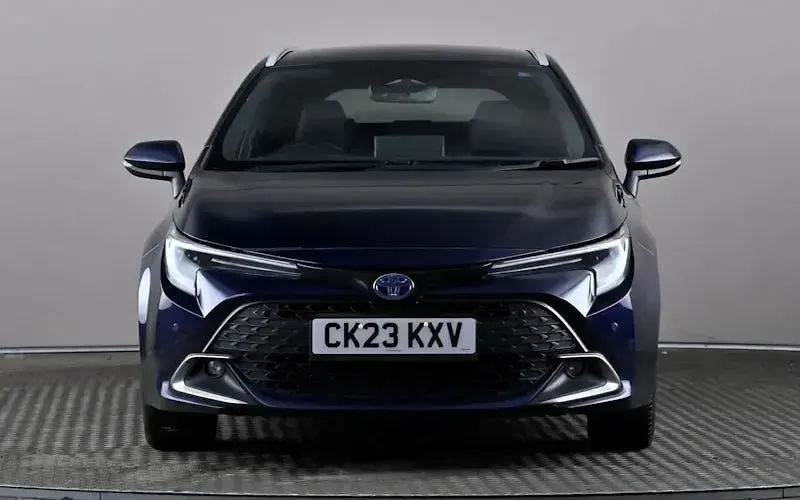 Used Toyota Corolla Design 196 HP (144 kW) 2025 Estate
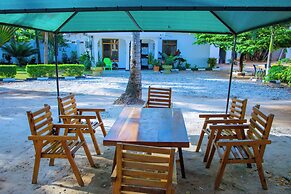 Dar es Salaam-sleeps8-parking-garden-pet Friendly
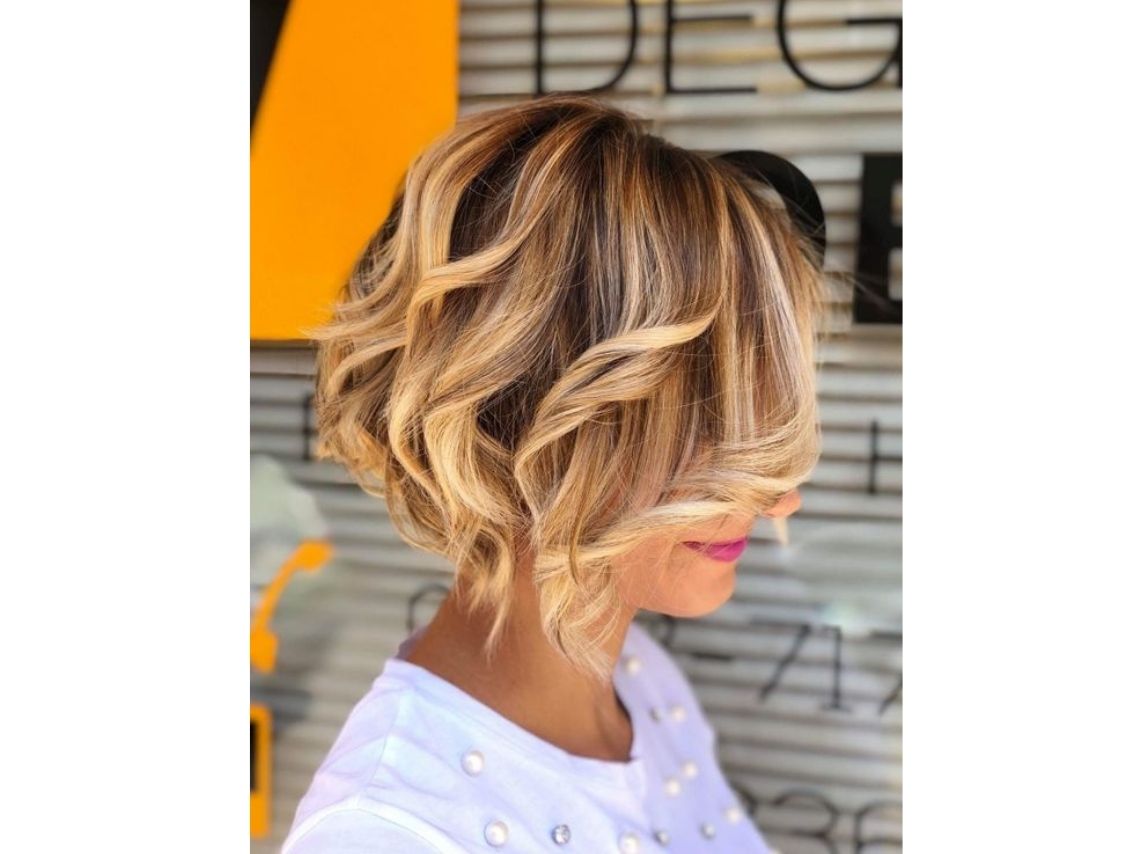 10 formas de llevar el balayage caramelo en tu cabello corto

----------

Exactly as written, return each line above and leave the pictures behind.

**TASK SOLUTION**
 Used Toyota Corolla Design 196 HP (144 kW) 2025 Estate
 Dar es Salaam-sleeps8-parking-garden-pet Friendly
 10 formas de llevar el balayage caramelo en tu cabello corto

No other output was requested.